The Signal
Author: David Barber
Like lots of people in the months since the Signal arrived, Alistair ran the SETI app on his phone – not the SETI@Home data program – just feed from one of the new radio searches.
He’d got into the habit of laying his phone on the pillow next to him at night, the screen lit with a field of dishes, tilted to the heavens, inching round the sky, so brave and lonely. He would drift off to sleep listening to the hiss of stars.
A couple of times a year, he and his ex met up for lunch. He was telling Eloise about a dream he’d had and she studied his face while seeming to listen.
When they first met, he was just starting out in astronomy, but now it was all neutrino telescopes and gravity waves; postgrad students went elsewhere, and so did the grant money. She felt a brief pang of pity because his best years were behind him.
“So in the dream, I’m there when Green Bank picks up the Signal, and it’s obvious it’s repeating the first thousand primes…”
She toyed with her empty wine glass, knowing another drink would be too much. Though she wouldn’t admit it, she arranged these meetings to confirm leaving Alistair was the right move.
He wasn’t wearing well; hair thinning, paunchier, more careless with his appearance, whereas she’d shed a few pounds, taken to wearing younger clothes, and had her hair expensively cut, though he hadn’t noticed.
“…comes from the direction of Cygnus, only there’s nothing out there,” he was saying.
“You do know other people’s dreams aren’t that interesting?”
There hadn’t been a good moment to tell him she was getting married again. And moving to the States. It would mean cutting him adrift, just when his career sank into admin and retirement.
“Alistair,” she began.
He interrupted, like he always did. “No, wait, I’m getting to the interesting bit, because I said, in the dream I said, it marks the millennial anniversary of Project Ozma, the first SETI search in the 1960s.”
She smiled, but he was perfectly serious.
“I was up at five next morning doing the calculation, and it’s true, the point of origin of the Signal is where the sun will be in a thousand years’ time.”

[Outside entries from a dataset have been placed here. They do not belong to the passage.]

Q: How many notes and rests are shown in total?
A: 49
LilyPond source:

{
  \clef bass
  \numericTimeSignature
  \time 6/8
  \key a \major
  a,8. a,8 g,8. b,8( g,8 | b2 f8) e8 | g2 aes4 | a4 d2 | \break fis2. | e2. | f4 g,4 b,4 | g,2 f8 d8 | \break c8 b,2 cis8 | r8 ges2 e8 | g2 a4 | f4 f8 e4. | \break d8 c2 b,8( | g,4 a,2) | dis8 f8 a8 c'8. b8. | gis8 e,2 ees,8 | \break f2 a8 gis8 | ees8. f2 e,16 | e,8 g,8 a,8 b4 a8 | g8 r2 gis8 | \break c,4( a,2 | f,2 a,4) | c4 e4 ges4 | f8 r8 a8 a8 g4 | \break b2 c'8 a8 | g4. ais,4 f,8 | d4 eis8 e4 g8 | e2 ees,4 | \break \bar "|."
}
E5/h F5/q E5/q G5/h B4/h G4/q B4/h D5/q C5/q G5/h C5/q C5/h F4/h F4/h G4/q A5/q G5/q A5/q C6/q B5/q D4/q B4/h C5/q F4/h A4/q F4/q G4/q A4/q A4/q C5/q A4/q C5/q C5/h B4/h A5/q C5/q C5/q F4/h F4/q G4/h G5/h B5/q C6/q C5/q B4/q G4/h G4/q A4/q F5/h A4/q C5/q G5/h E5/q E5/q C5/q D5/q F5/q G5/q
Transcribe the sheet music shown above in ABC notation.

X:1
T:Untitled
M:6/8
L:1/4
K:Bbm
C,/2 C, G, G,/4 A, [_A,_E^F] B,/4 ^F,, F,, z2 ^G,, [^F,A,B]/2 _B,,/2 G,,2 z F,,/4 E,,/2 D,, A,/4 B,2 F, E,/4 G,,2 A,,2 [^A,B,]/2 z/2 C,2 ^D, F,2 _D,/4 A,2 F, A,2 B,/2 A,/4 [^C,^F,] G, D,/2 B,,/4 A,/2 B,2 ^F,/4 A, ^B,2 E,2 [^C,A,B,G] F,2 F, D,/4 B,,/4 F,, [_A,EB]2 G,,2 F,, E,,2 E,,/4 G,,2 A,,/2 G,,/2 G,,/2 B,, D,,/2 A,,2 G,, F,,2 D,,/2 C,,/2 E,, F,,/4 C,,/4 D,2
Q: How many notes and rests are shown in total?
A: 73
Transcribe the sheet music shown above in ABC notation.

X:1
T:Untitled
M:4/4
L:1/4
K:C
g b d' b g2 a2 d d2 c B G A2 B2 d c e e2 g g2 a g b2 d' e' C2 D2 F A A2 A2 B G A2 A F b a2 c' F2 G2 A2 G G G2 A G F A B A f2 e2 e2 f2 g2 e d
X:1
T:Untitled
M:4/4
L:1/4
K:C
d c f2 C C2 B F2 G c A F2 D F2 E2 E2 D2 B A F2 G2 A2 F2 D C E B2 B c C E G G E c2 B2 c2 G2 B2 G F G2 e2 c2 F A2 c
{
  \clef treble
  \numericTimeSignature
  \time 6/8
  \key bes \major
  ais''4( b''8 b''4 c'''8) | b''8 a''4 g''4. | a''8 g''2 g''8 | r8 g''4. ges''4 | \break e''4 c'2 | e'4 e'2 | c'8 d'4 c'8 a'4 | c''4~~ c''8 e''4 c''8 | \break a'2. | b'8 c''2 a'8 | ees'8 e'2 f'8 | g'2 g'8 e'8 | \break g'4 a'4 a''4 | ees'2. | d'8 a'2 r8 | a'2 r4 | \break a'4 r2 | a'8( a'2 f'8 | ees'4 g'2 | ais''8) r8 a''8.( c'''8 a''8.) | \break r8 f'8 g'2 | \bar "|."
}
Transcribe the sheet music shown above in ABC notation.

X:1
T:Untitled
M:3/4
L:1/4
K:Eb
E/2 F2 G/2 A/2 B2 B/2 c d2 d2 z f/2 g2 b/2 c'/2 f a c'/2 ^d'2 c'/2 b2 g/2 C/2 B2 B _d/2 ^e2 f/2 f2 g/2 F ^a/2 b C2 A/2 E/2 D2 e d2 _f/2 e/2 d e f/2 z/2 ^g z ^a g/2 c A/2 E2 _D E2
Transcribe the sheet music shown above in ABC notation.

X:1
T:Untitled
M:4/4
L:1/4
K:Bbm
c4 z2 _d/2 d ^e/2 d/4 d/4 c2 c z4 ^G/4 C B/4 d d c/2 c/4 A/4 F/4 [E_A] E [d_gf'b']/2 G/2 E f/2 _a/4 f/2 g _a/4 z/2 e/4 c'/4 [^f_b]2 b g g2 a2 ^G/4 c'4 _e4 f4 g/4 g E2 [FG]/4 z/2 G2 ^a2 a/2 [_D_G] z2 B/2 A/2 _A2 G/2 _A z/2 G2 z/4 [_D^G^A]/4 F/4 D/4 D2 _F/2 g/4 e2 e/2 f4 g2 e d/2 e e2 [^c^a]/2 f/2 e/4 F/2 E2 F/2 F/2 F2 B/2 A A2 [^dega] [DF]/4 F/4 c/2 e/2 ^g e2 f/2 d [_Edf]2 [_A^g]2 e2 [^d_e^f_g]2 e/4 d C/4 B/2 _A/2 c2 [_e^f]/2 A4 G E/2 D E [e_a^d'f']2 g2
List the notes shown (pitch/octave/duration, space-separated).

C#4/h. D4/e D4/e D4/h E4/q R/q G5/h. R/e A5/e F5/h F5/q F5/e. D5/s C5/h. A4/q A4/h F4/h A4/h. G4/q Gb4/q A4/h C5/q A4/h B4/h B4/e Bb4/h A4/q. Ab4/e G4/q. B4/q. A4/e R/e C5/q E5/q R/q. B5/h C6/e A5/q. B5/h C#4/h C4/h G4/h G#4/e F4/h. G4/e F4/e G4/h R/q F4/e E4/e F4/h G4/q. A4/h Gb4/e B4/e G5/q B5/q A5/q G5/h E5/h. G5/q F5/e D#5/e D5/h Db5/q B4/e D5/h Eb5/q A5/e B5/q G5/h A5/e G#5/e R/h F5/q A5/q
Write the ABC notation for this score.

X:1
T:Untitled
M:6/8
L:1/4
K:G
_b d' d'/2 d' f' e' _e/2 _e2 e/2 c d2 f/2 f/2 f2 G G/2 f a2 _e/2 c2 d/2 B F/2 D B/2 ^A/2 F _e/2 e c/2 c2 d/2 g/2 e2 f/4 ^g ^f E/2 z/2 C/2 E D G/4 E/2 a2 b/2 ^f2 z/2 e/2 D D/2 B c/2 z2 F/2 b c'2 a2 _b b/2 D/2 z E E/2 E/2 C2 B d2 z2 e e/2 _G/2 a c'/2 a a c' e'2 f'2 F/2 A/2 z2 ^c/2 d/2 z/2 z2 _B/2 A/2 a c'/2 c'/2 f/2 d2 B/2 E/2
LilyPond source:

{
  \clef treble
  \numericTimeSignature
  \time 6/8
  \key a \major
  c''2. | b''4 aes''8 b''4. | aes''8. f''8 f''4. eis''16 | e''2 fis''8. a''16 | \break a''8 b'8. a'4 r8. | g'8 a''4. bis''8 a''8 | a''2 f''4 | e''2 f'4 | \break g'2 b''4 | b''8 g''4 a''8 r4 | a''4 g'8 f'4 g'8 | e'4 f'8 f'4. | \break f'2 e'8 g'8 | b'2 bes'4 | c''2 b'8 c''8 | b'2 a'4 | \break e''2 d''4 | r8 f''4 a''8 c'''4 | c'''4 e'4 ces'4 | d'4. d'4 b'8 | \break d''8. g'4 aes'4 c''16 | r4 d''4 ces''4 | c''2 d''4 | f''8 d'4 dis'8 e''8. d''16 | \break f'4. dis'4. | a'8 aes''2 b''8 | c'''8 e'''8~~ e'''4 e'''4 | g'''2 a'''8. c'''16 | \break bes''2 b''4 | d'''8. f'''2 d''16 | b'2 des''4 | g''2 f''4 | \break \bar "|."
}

He shrugged. “Some sort of Einstein-Rosen wormhole for radio signals into the past, who knows?”
She was no scientist, but a thousand primes, a thousand years, telling us where to look, it all sounded flaky.
“I think the Signal itself is the message,” he added, enthusiastic as a salesman. “Perhaps we let SETI run down otherwise. What if there’s a signal coming from somewhere else, and we aren’t listening? What if…”
She was suddenly weary. What did it matter? “Or perhaps they’re saying we’re on our own, we always were.”
He faltered. “What? Why would they do that?”
“What if they heard nothing in all that time, and it means we’ve only got ourselves. Perhaps they’re saying that.”
She glanced at her watch. Impossible to talk to him now. Always was. She’d phone him from the States. Or text him.
Being on his own. She wondered how he’d cope.